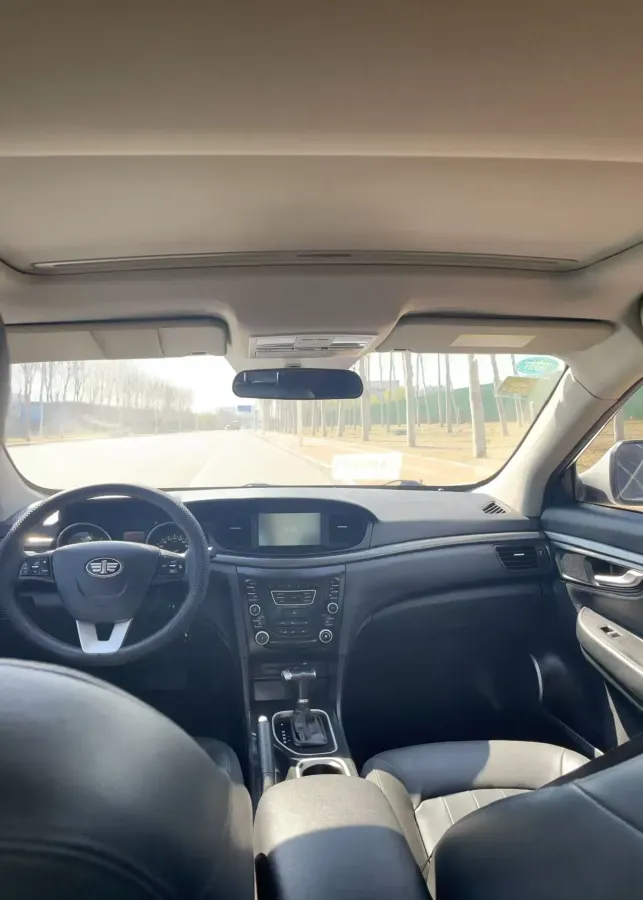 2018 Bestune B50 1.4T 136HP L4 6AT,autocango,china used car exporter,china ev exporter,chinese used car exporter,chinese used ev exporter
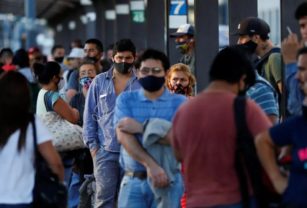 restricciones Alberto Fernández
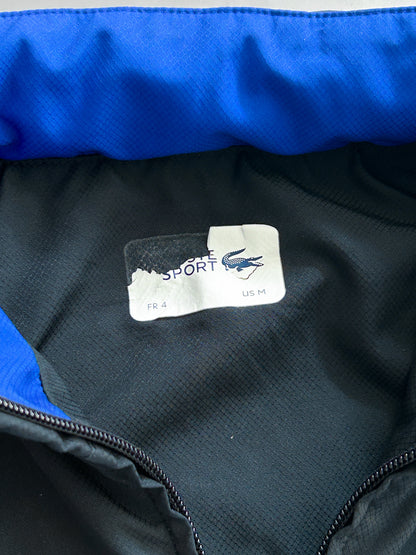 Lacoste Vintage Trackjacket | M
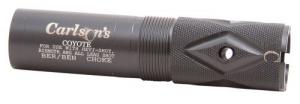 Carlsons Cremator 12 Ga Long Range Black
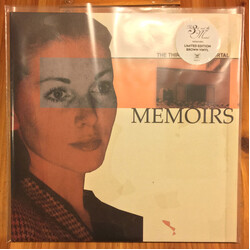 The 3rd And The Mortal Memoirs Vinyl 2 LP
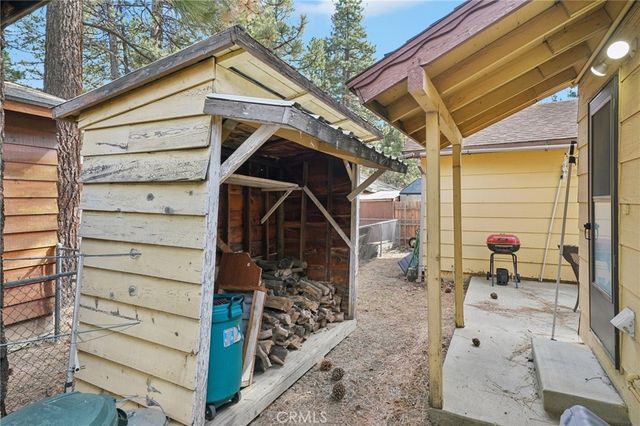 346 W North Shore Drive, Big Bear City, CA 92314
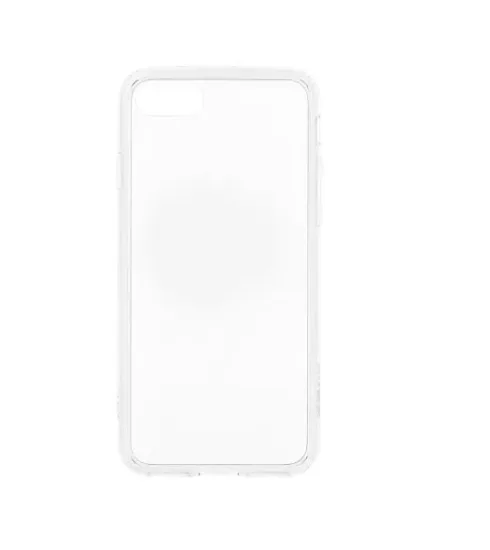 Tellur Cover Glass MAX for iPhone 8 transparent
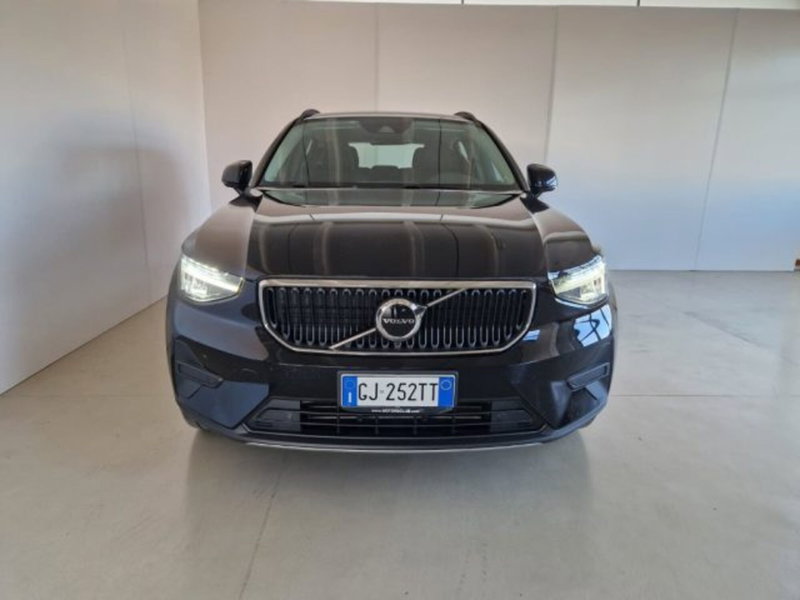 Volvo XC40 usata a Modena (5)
§ §
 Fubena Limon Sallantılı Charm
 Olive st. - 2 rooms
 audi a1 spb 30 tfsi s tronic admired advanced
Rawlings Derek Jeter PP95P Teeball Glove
§ §
YOUR INSTRUCTIONS>
To complete this exercise, transcribe exactly the lines above from the one that holds "2018 Bestune B50" through the one that holds "Volvo XC40 usata a Modena (5)". Pictures stay out.

SOLVED EXERCISE>
 2018 Bestune B50 1.4T 136HP L4 6AT,autocango,china used car exporter,china ev exporter,chinese used car exporter,chinese used ev exporter
 restricciones Alberto Fernández
 Lacoste Vintage Trackjacket | M
 Carlsons Cremator 12 Ga Long Range Black
 The 3rd And The Mortal Memoirs Vinyl 2 LP
 346 W North Shore Drive, Big Bear City, CA 92314
 Tellur Cover Glass MAX for iPhone 8 transparent
 Volvo XC40 usata a Modena (5)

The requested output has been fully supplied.